Fall belongs to the Germans, who streamed into the Upper Midwest in the 1850s and still are the largest ethnic group in every state. Which is a good thing, because Germans like to have fun.
In October 1810, they had so much fun at the wedding of Princess Therese of Saxe-Hildburghausen and Crown Prince Ludwig of Bavaria, held in a meadow near Munich, that they decided to do it every year.
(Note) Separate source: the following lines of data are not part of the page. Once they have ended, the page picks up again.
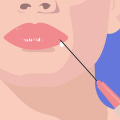 Everything You Need to Know About FDA-Approved Lip Fillers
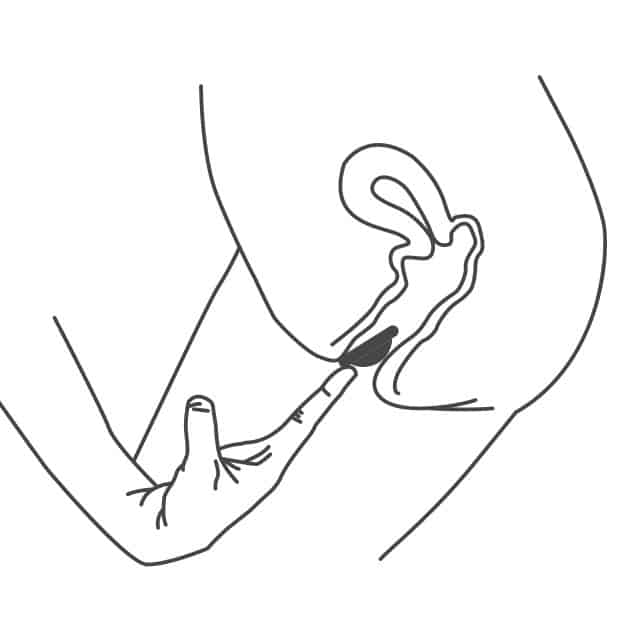 To fit a diaphragm or cap, you must apply spermicide then insert into the vagina until it covers the cervix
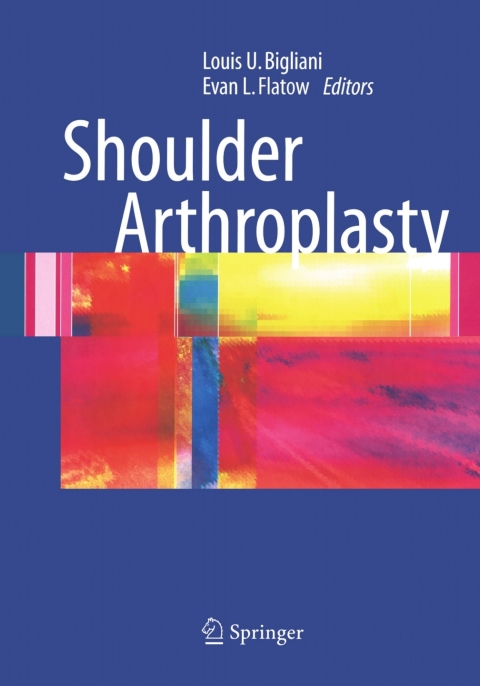 Cover image for book Shoulder Arthroplasty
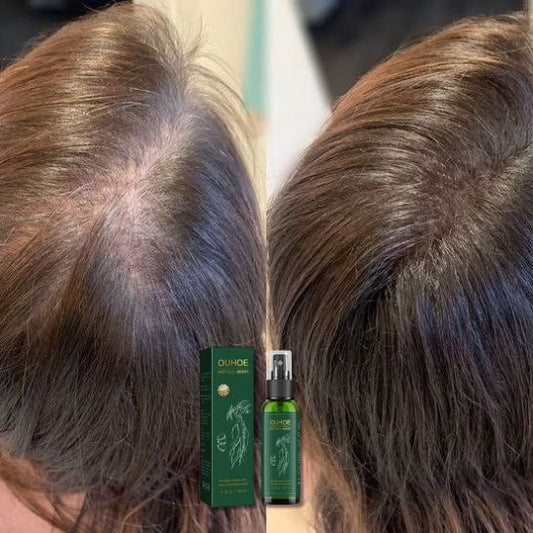 Suero Capilar de Ginseng OUHOE Natural Herbs (100ml) | Revitaliza el cuero cabelludo y el crecimiento del cabello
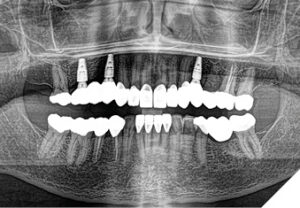 Etiology and management of a common and complex dental problem: Tooth ...
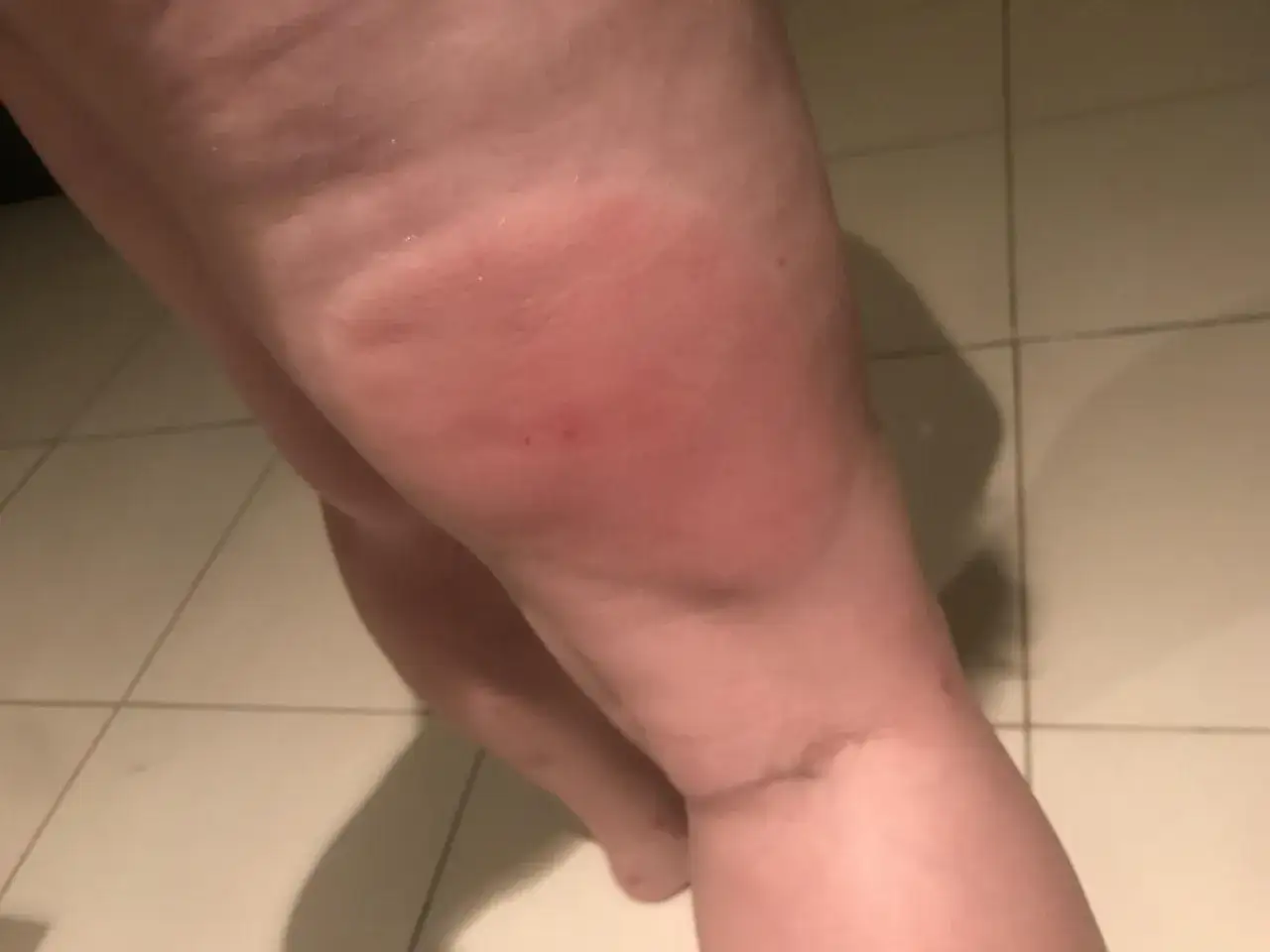 Grosse rougeur sur la cuisse, signe d'une allergie à un bouton de moustique.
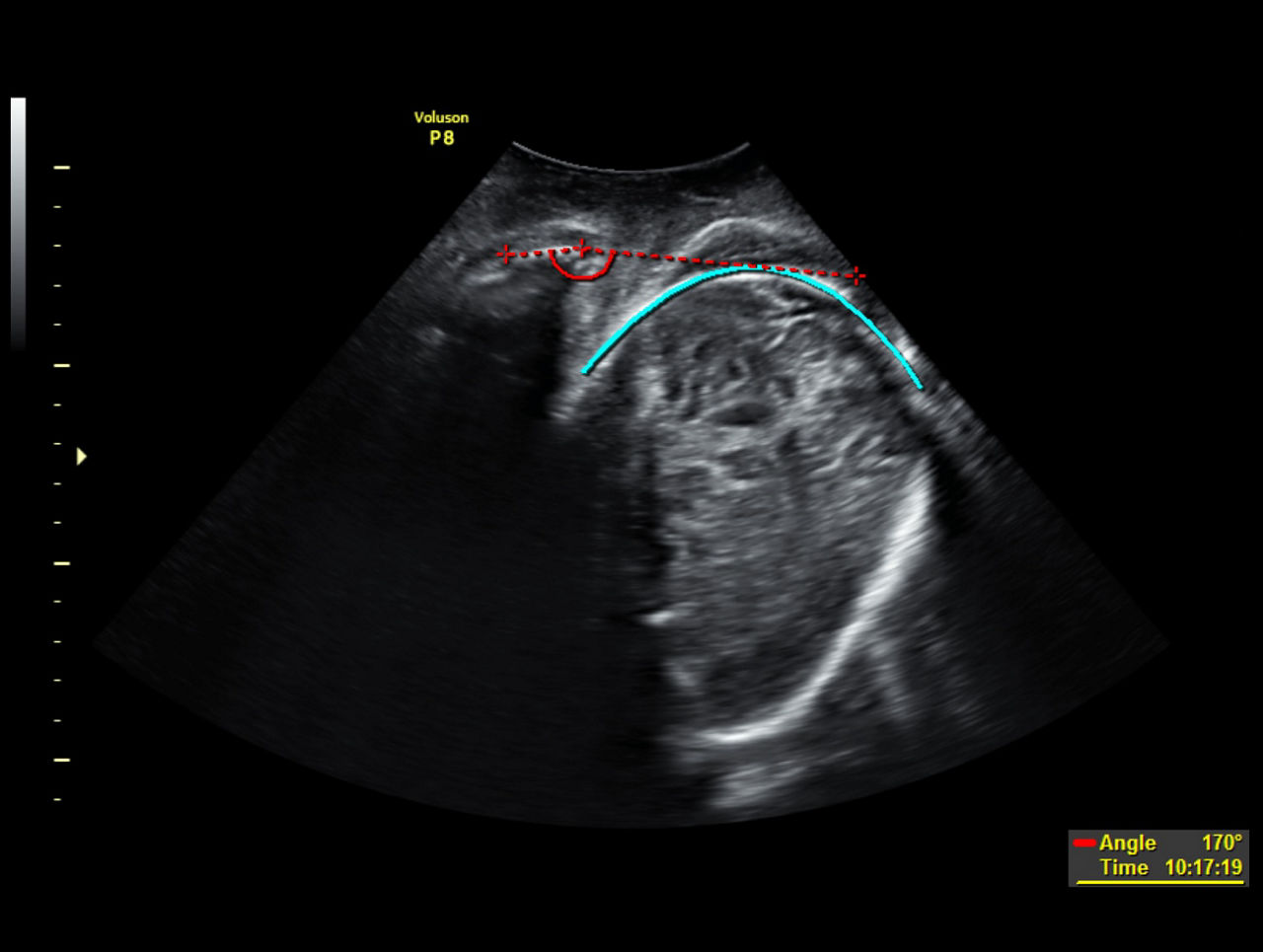 voluson-p8-technology-sono-ld-ci-en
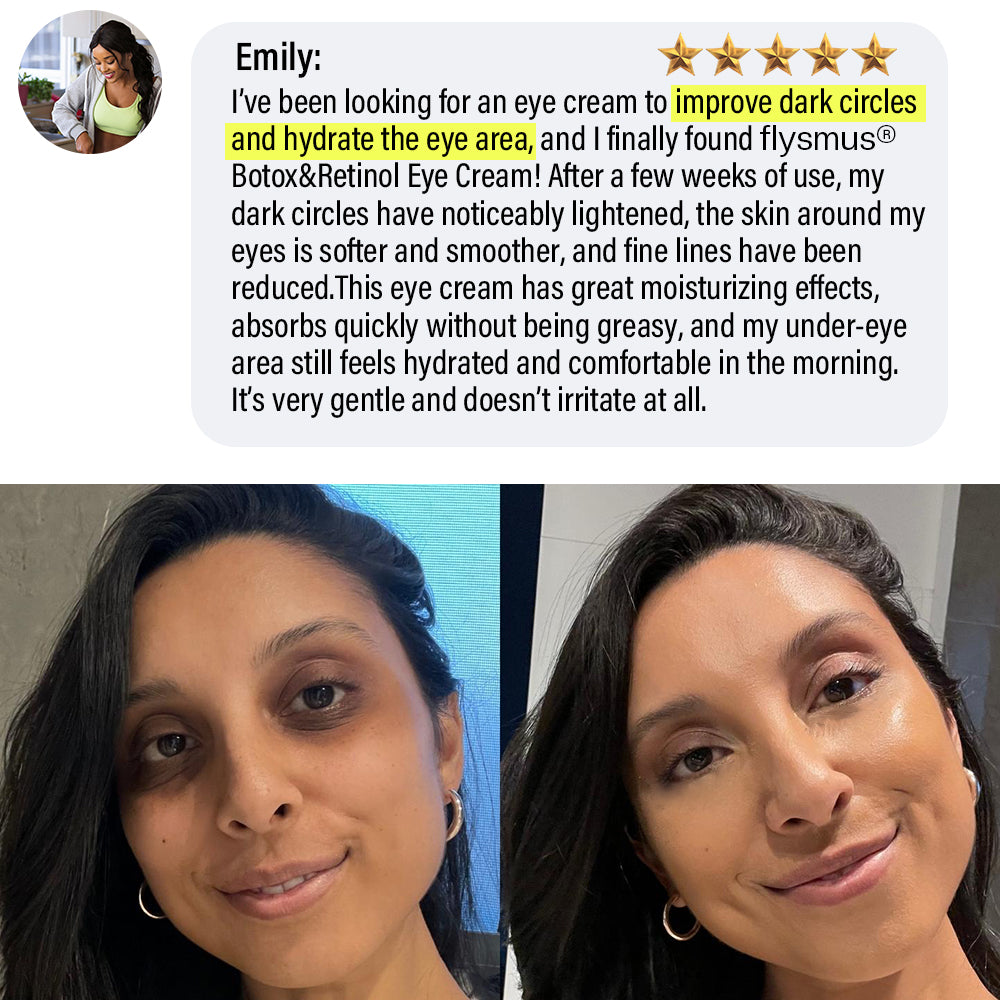 ✅Official Store | flysmus® Botox Retinol Eye Cream 🧑🏼⚕️Dermatologist Recommended (Eye Cream for Fine Lines, Wrinkles, Dark Circles, Dark Spots, and Daily Anti-Aging)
Emigrants to America brought the tradition with them, along with their recipes for beer and sausage, and started hundreds of smaller Oktoberfests all across the Midwest.
The closest in spirit to Munich's beer-drinking bacchanalia is La Crosse's nine-day celebration, held since 1961 in a city that once had seven breweries.
But like most Oktoberfests, it's more of a family event now. Dachshund races have become popular, along with such American staples as wagon rides and pumpkin decorating.
You'll also find typical German strength competitions, such as nail-striking (hammering nails into the top of a barrel) and Maßkrugstemme (holding up full steins of beer).
To catch the best weather, Munich's Oktoberfest now starts in September, and so do most in the Upper Midwest.
Here are some of the best in 2018.
And don't forget to check at your local breweries and German restaurants; many of them hold Oktoberfests, too. Here's a list for Minnesota.
Trip Tips: Oktoberfest celebrations in the Upper Midwest
Admission to most Oktoberfests is free, but some charge a small fee. If you don't like to drink out of plastic cups, bring your own stein.
For more about German traditions, see Germans among us.
© Beth Gauper
The Elk River German Band plays at Oktoberfest in Minneapolis.
Sept. 7-8, 14-15, 21-22 and 28-29 and Oct. 5-6, Oktoberfest in Glendale, Wis. This festival on the northern edge of Milwaukee was held in Heidelberg Park through 2015 and now is at the Bavarian Bierhaus. It's the oldest in the Midwest.
Sept. 6-8, 2019, German-American Oktoberfest in Chicago. The local German-American Societies hold this street party in Lincoln Square, featuring two tents, carnival games, dancing and a parade at 2 p.m. Saturday.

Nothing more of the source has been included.